You can actually make out each of those atoms and their bonds, and it’s thanks to this: An atomic force microscope.

Details here

hat tip: Ben

Comments

  1. #1 JohnV
    August 28, 2009

    that’s pretty amazing.

  2. #2 Ethan Siegel
    August 28, 2009

    Nice find, Greg! I’m going to write this up (with the physics) too!

  3. #3 MadScientist
    August 28, 2009

    I’ll have to look at those details – even at incredibly low temperatures there is still a lot of molecular movement (especially over 20 hours) and there is also the matter of the certainty in the positioning of that needle on the AFM, the roughness of the surface that the molecule is on etc.

  4. #4 NewEnglandBob
    August 28, 2009

    Yes, thanks Greg; and Ethan, please do!

  5. #5 Charles
    August 28, 2009

    That looks suspiciously like a B&W photo of a starting light for a dragster car race.

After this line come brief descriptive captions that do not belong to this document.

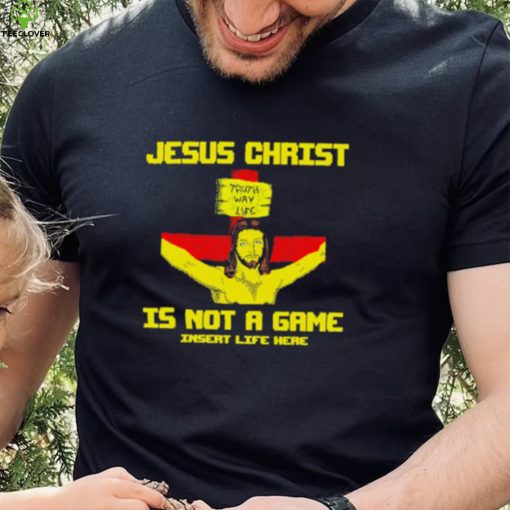Jesus christ is not a game shirt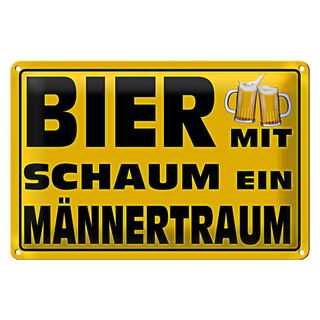 Blechschild Spruch 30x20cm Bier mit Schaum ein Männertraum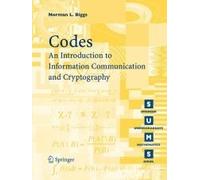 Codes: An Introduction To Information Communication And Cryptography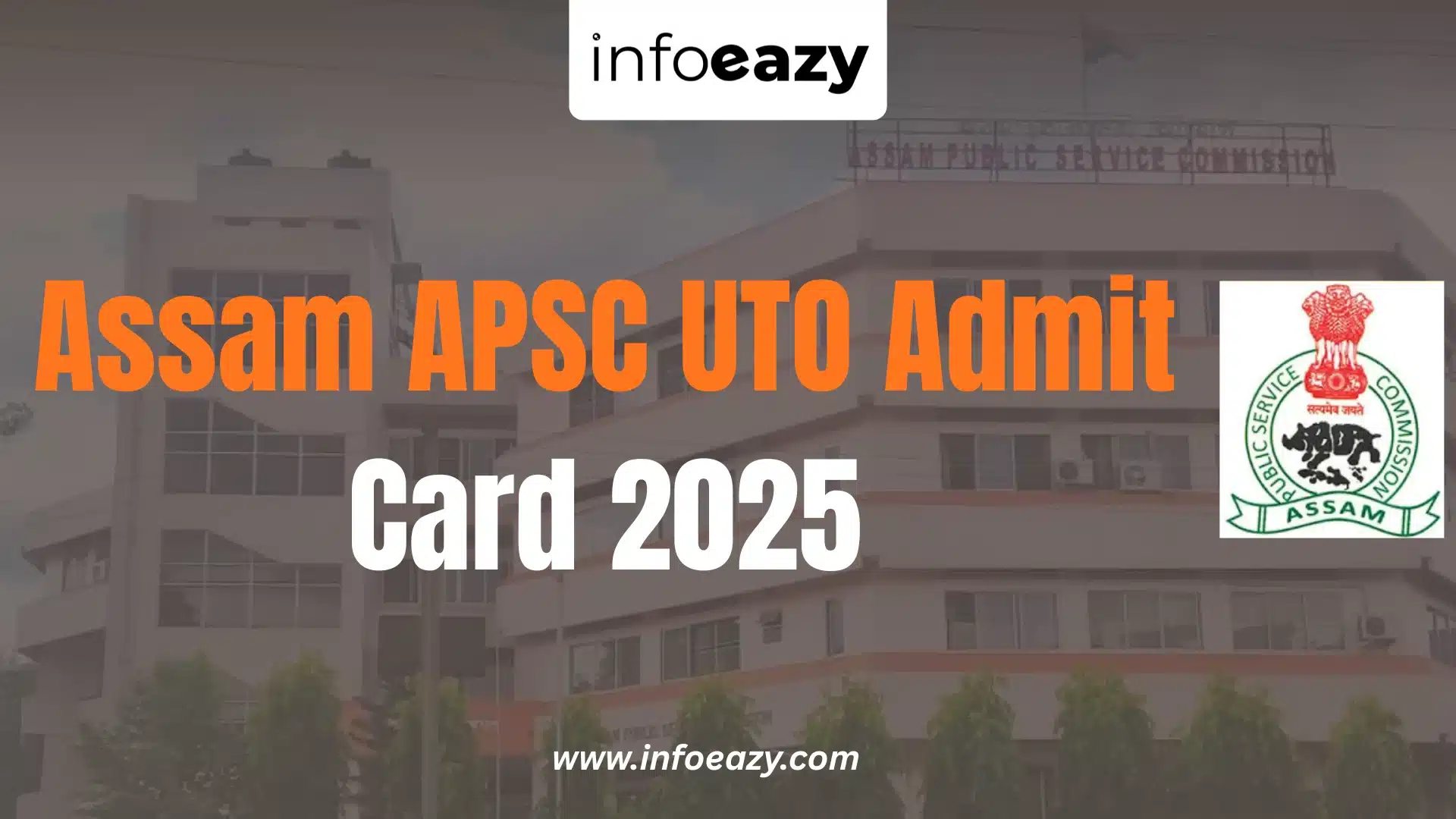 Assam APSC UTO Admit Card 2025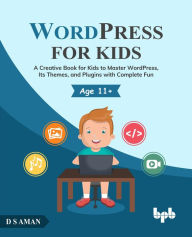 WordPress for Kids: A Creative Book for Kids to Master WordPress, Its Themes, and Plugins with Complete Fun D.S Aman Author
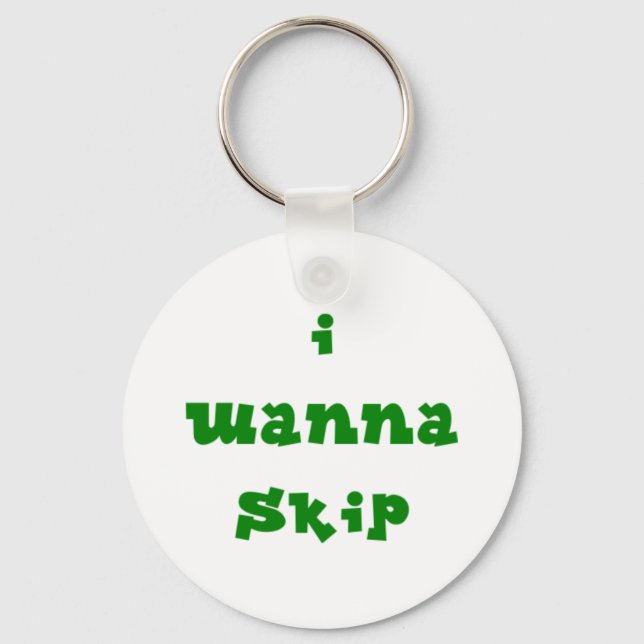 I Wanna Skip Key Chain - Green (Front)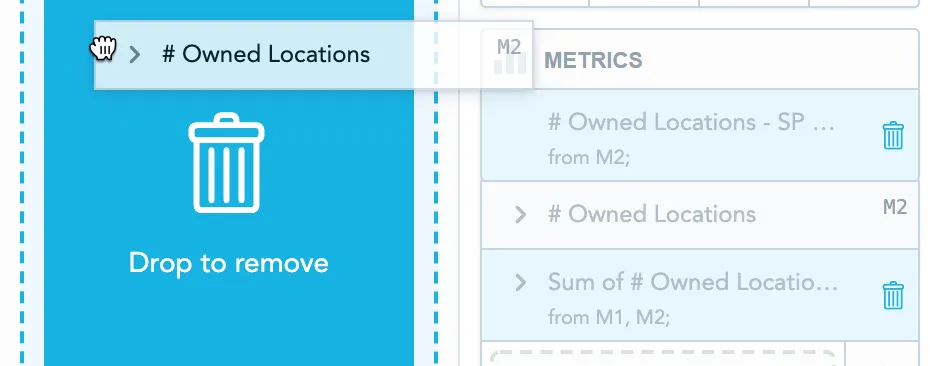 Metric named Owned Locations dragged from the metrics bucket to the data catalog. The target zone shows Drop to remove. The related derived metrics are automatically selected for removal.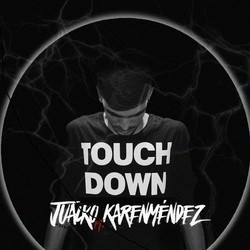 Touch Down Ft. Karen Méndez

    Well, maybe for very tiny dragsters.

  6. #6 llewelly
    August 28, 2009

    Nonsense. That’s obviously a picture of a Mutant Cyborg Caterpillar. A New and Terrible SECRET GOVERNMENT WEAPON.

  7. #7 megan
    August 28, 2009

    FAIL! Too late Science Blogger, I saw this in my news scanning earlier today and emailed it out to friends the minute it showed in my BBC RSS feed. Nice to see I’m not the only one fascinated.

  8. #8 Charles
    August 29, 2009

    What’s the rush?

  9. #9 Eirikur
    August 29, 2009

    That’s amazing and quite inspiring. I can’t blame him for staring at it.

  10. #10 CRWalters
    August 29, 2009

    This gives us a directview of molecular bond sequencing all we need do is supply the projected dipodal fields to realize the third dimensional image

  11. #11 Phil
    August 29, 2009

    That is so cool!

  12. #12 Monado
    August 29, 2009

    Very neat! How did they hold it still?